In the Spanish War of Succession, Verboom was in command of Antwerp's defenses in 1702. He also took part in the siege of Hulst along with Captain General Isidro de la Cueva-Benavides. In 1706, a Franco-Spanish army under the command of François de Neufville, 2nd Duke of Villeroy was defeated by Grand Alliance troops led by John Churchill, 1st Duke of Marlborough at the Battle of Ramillies. Troops from Antwerp were used to put pressure on the Grand Alliance forces at the siege of Termonde. In 1709, Verboom was instructed to report on the state of castles and garrisons along the Spain–Portugal border.

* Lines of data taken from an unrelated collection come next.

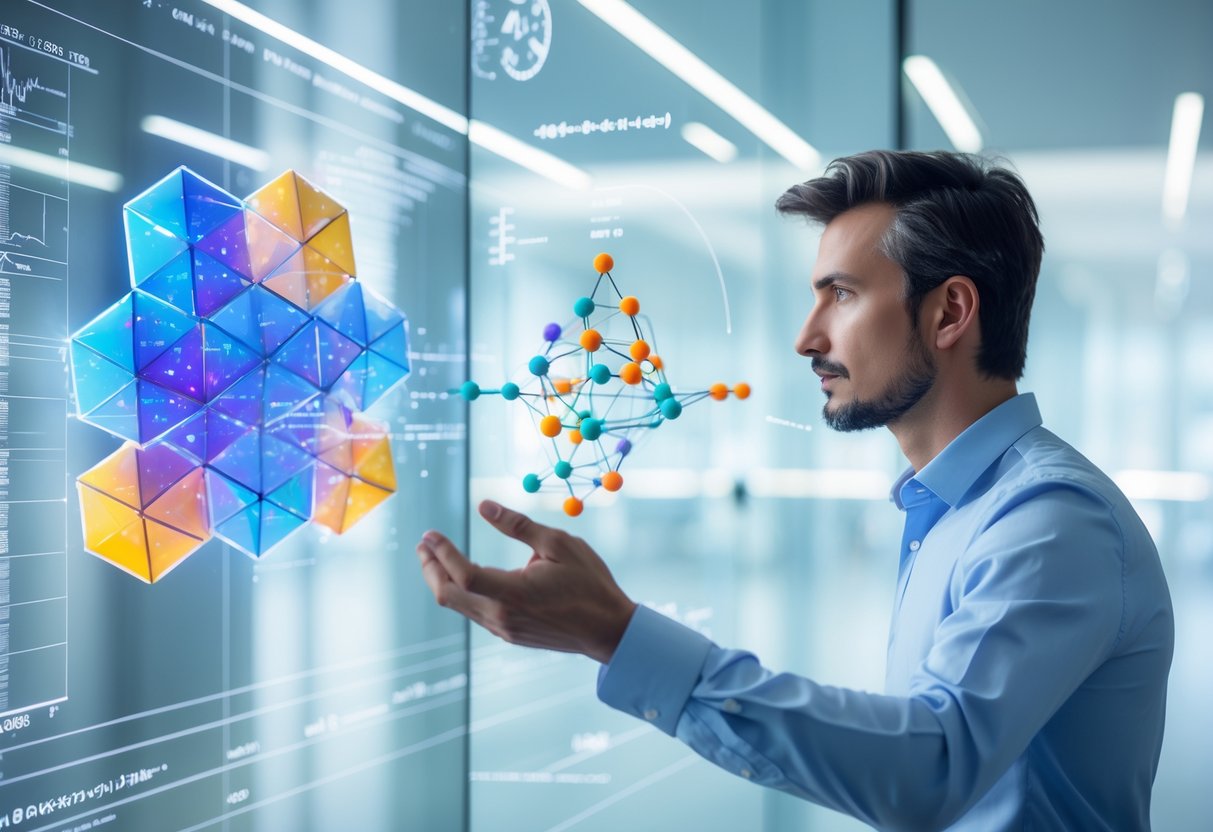 A person interacting with a futuristic digital display showing complex 4-dimensional geometric shapes and mathematical data in a modern office.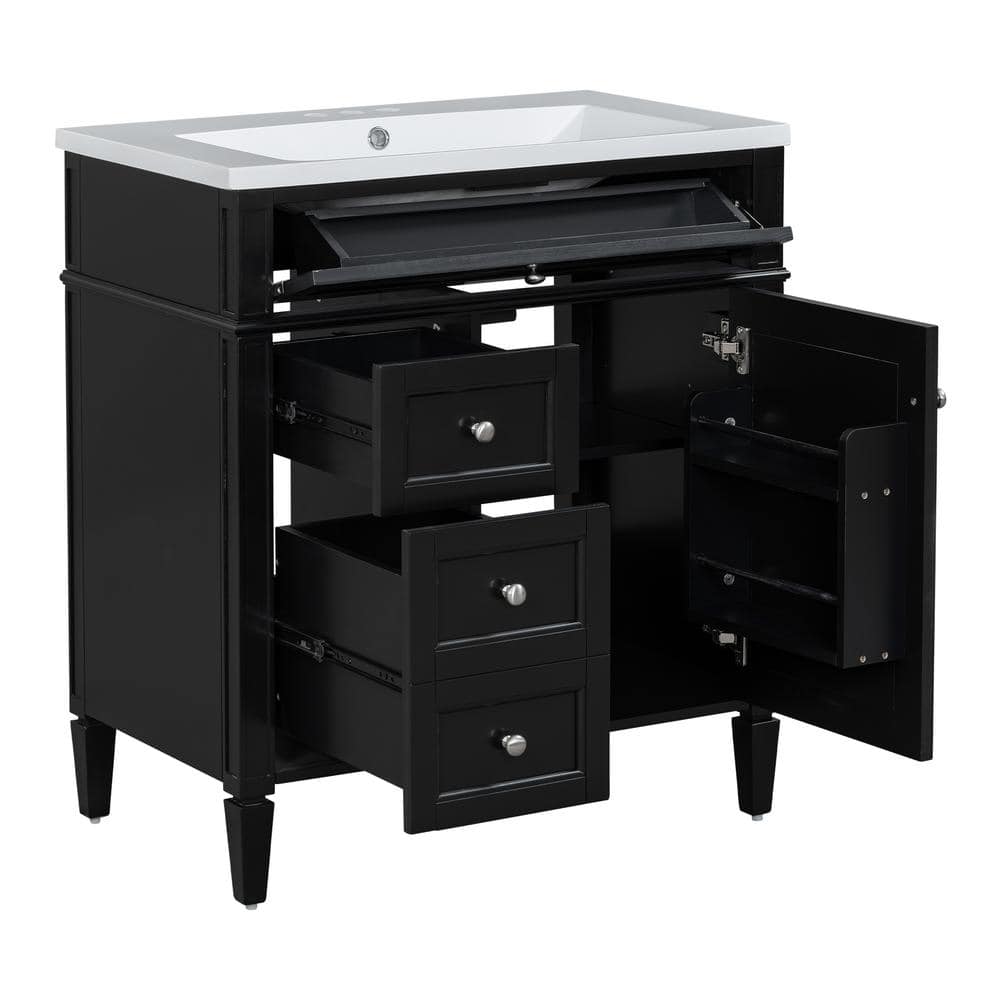 30 in. Single Sink Freestanding Black Bath Vanity with White Ceramic Top Un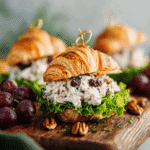 Chicken salad croissant sandwich with lettuce, cranberries, and pecans on a rustic wooden board, served with fresh grapes.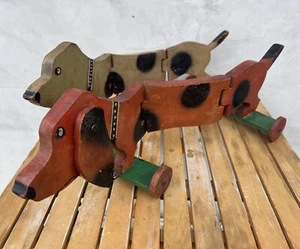 Vintage Wooden Dachshund Pull Toy Pair Hand Painted Dog on Wheels Retro Folk Art - Picture 1 of 15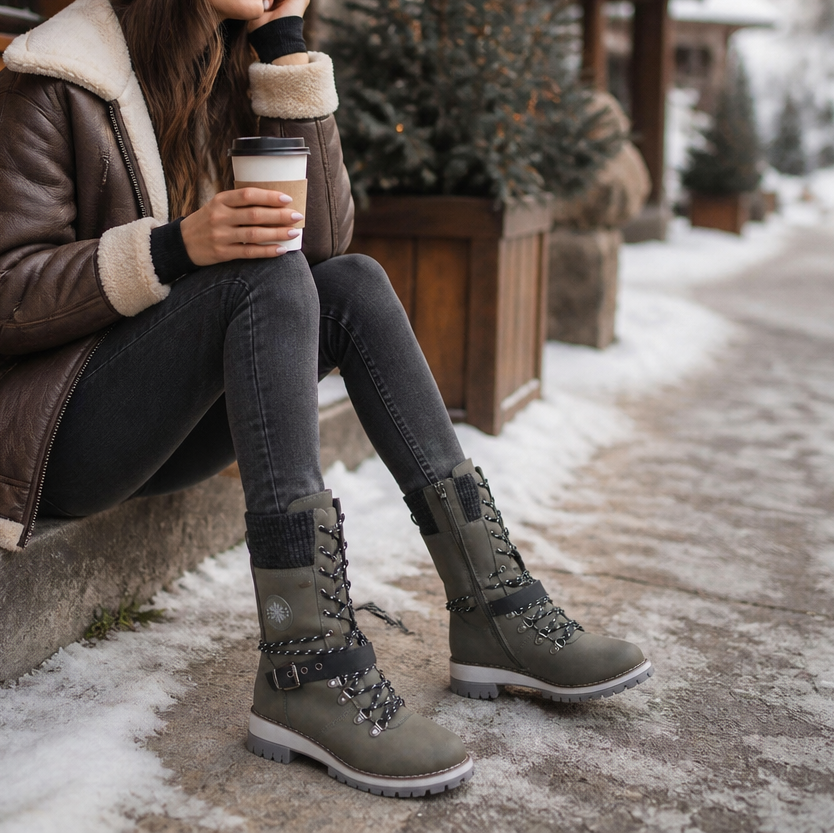 Cozette Knit-Shaft Wide-Foot Winter Boots - Elena Harper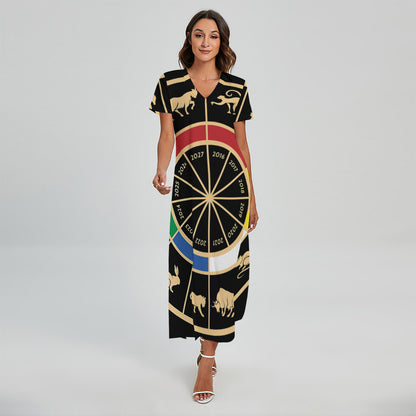 Chinese Zodiac Calendar Wheel Print Short Sleeve Maxi Dress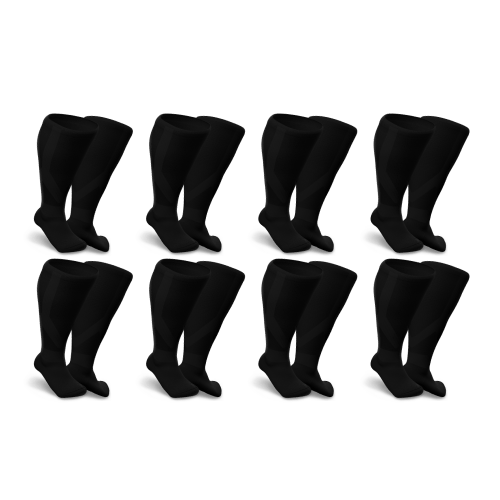 8 pairs black socks for swollen legs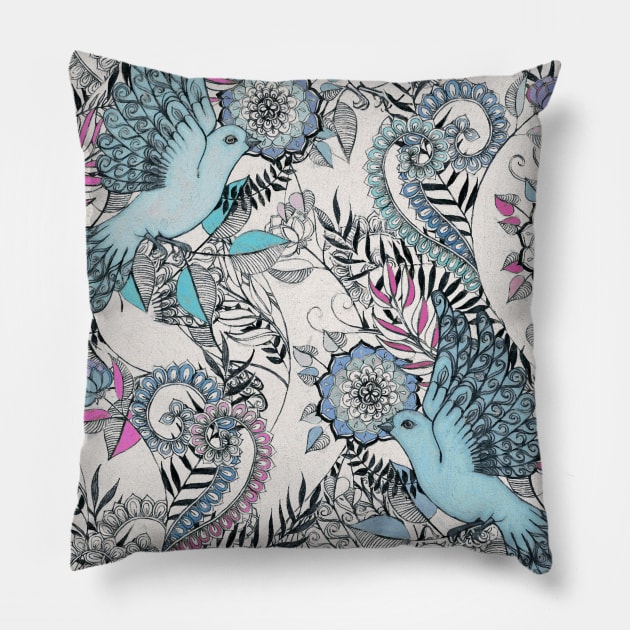 Flight of Fancy – pink, teal, cream Pillow by micklyn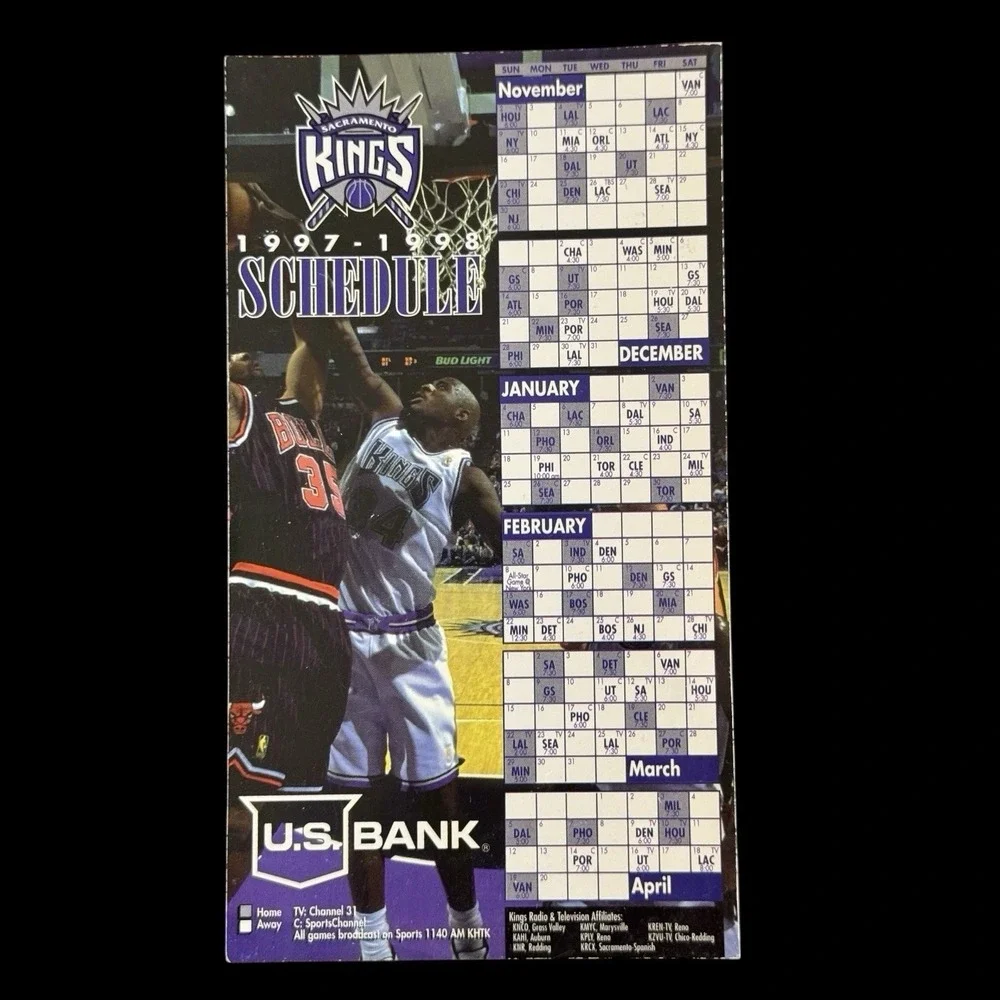 1996 1997 Sacramento Kings NBA Basketball Schedule Magnets Lot 4x7 Vintage Retro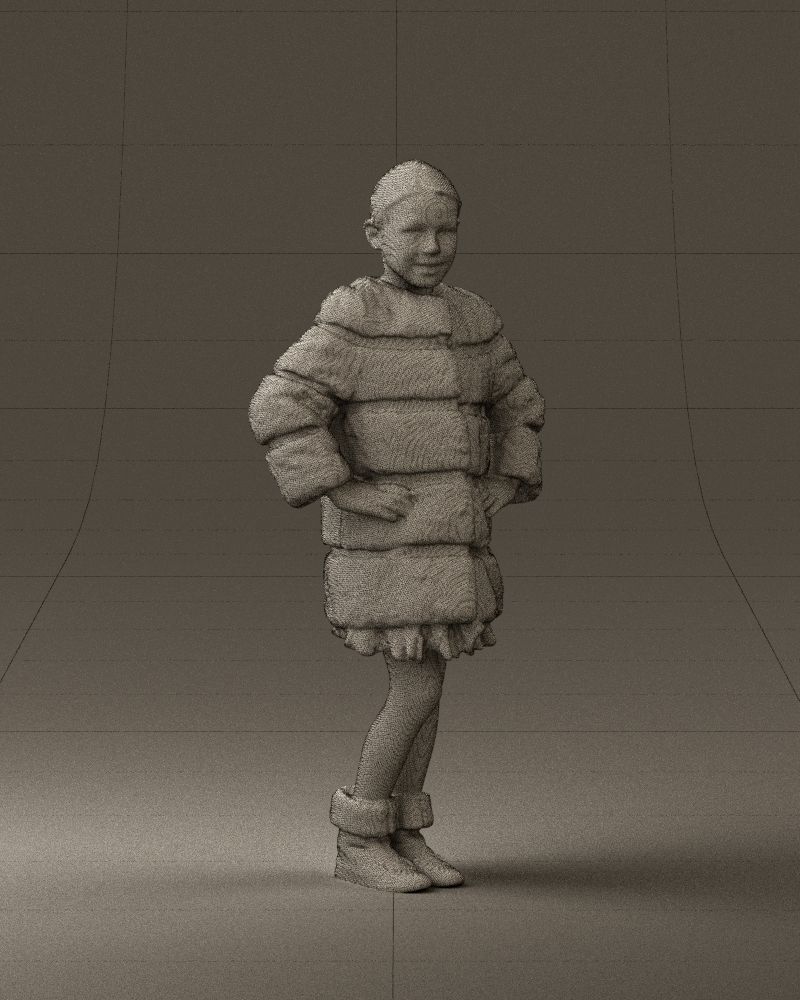 Young girl in white coat big smile 0856 3D Print Ready 3D print model_26
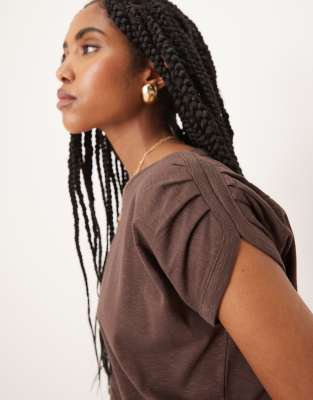 Asos Design Slubby Cap Sleeve Baby Tee In Brown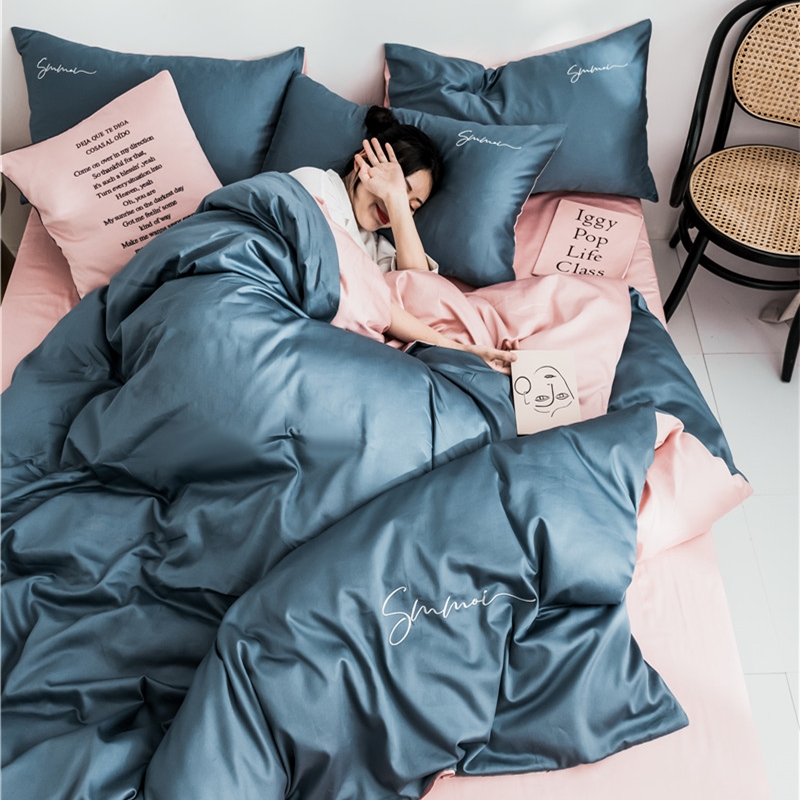 Cotton 60pcs satin plush cotton four-piece embroidered cotton duvet cover sheet Sheet Fitted sheet 1 8m bed bag Set Solid color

He was promoted to lieutenant general on 18 December 1709, and a few days later engineer general of the Royal Armies:

"...of all Armies, towns and fortifications in all my kingdoms, towns or states, wherever they might be located."

He participated in the Battle of Almenar of 1710 against Count Guido Starhemberg, where he was captured. He was imprisoned until 1712. He took a very active part in the conquest of Barcelona and—after its capture—moved there in 1718, where he would supervise work on the Ciudadela of Barcelona and take part in planning the War of the Quadruple Alliance – to recover Sardinia and Sicily. He took on the role of acting Captain General of Catalonia between 1737 and 1738.

== Death ==

Verboom died on 17 January 1744, in Barcelona, Spain at the age of 79. The Most Excellent Marquess was buried at the Real Convento de Santa Catalina.